(MATERIAL FOR THE TASK):
Segment Open
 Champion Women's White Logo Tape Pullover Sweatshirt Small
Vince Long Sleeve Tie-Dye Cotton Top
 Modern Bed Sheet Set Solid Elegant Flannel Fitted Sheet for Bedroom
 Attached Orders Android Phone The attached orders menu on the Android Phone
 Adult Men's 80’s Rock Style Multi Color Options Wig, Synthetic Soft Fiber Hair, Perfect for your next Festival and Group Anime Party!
Segment Closed
Segment Open
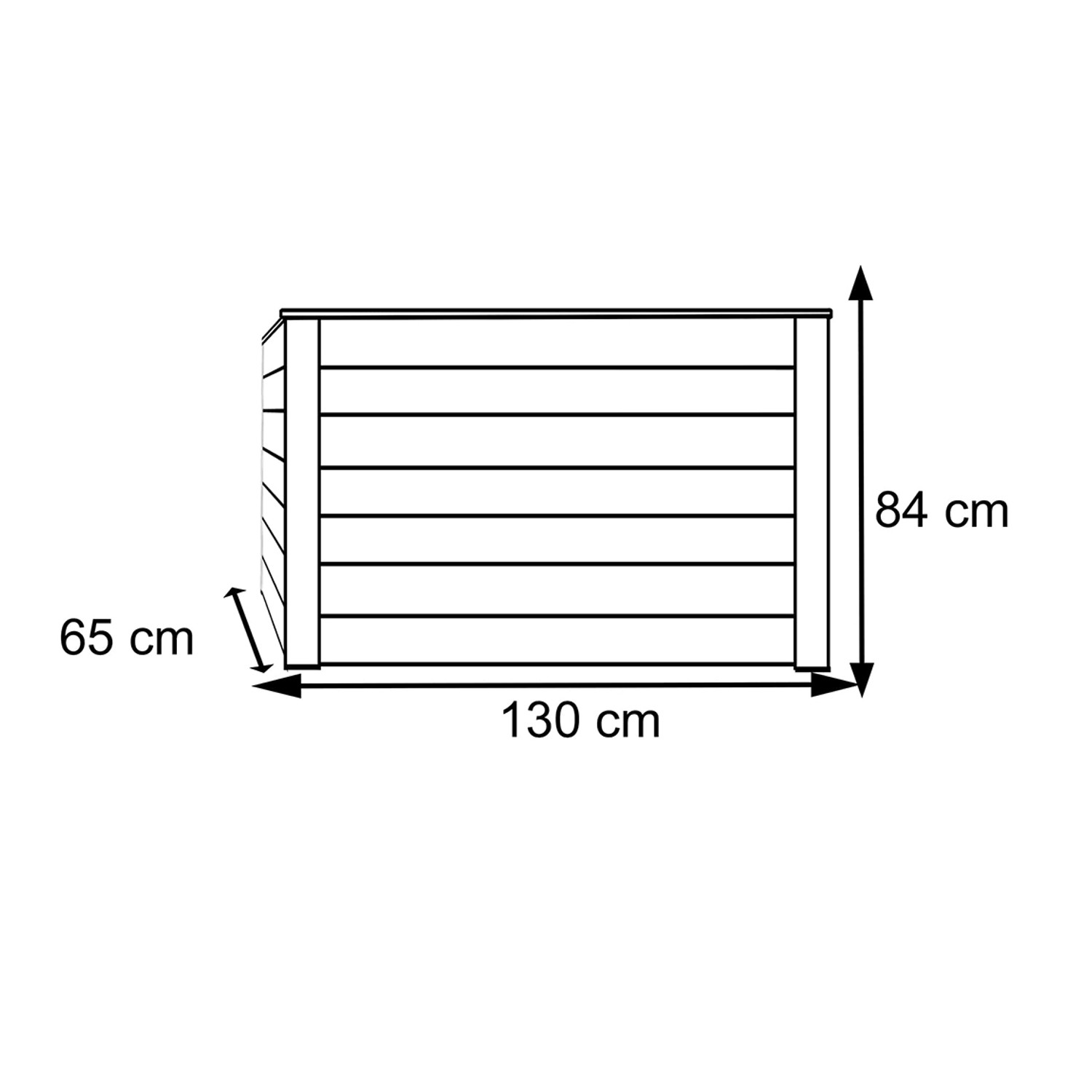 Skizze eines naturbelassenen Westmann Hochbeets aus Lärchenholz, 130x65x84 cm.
Segment Closed
(WORK INSTRUCTION): Produce a word-for-word copy of everything above from the line holding "Vince Long Sleeve Tie-Dye Cotton Top" down to the line holding "Adult Men's 80’s", with both of those lines kept.

(OUTPUT FOR THIS EXERCISE):
Vince Long Sleeve Tie-Dye Cotton Top
 Modern Bed Sheet Set Solid Elegant Flannel Fitted Sheet for Bedroom
 Attached Orders Android Phone The attached orders menu on the Android Phone
 Adult Men's 80’s Rock Style Multi Color Options Wig, Synthetic Soft Fiber Hair, Perfect for your next Festival and Group Anime Party!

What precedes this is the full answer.